Apesar disso, os investimentos feitos pelo Governo não teriam sido suficientes para manter os níveis de evolução da economia nacional para garantir novos reajustes em patamares semelhantes.
"A qualidade do gasto público é muito ruim. São gastos fluídos, e a gente gasta muito e mal. Se gastássemos em boas escolas, boas estradas, boa segurança, a economia andava. Imagina esse orçamento secreto nas eleições, que serão as mais caras da história brasileira, sendo aplicado em ativos importantes. Se houvesse crescimento, então o endividamento não seria um problema porque o dinheiro iria gerar resultado", explicou.
Estratégias de crescimento
Para reverter os baixos níveis de desenvolvimento, o Brasil precisaria voltar a estruturar as reformas (tributária, política e administrativa), segundo Virene, e focar em soluções direcionadas ao trabalhador. A regressividade do sistema tributário, que penaliza as camadas mais pobres; a qualidade dos investimentos; e uma reformulação de algumas estruturas políticas no País seriam a prioridade para a economista.

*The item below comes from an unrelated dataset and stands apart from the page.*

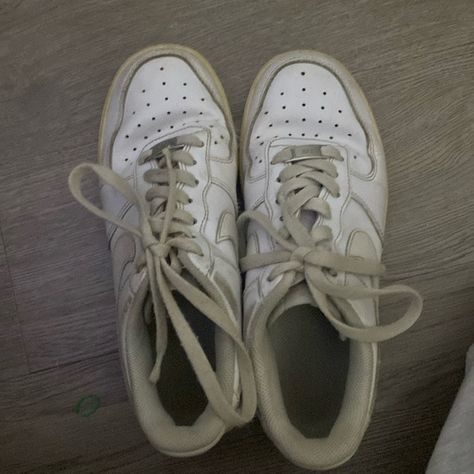 White Nike Air Force ones size 6 1/2 Dirty Air Forces, Dirty White Shoes, Nike Air Force 1 Women, Air Force 1 Women, White Nike Air Force 1, White Nike Air Force, Dirty White, White Nike Air, Dirty Air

"O Brasil não conclui as reformas. Todos os governos falam, mas não fazem. O sistema tributária é injusto, mas ninguém faz nada. Nossa educação é de péssima qualidade e sem educação não temos como aumentar a produtividade para que o trabalhador possa se tornar ainda mais eficiente. Responsabilidade nos gastos e não gastar desenfreadamente, investindo em ativos fixos que a população irá usufruir. Além de uma reforma política", disse.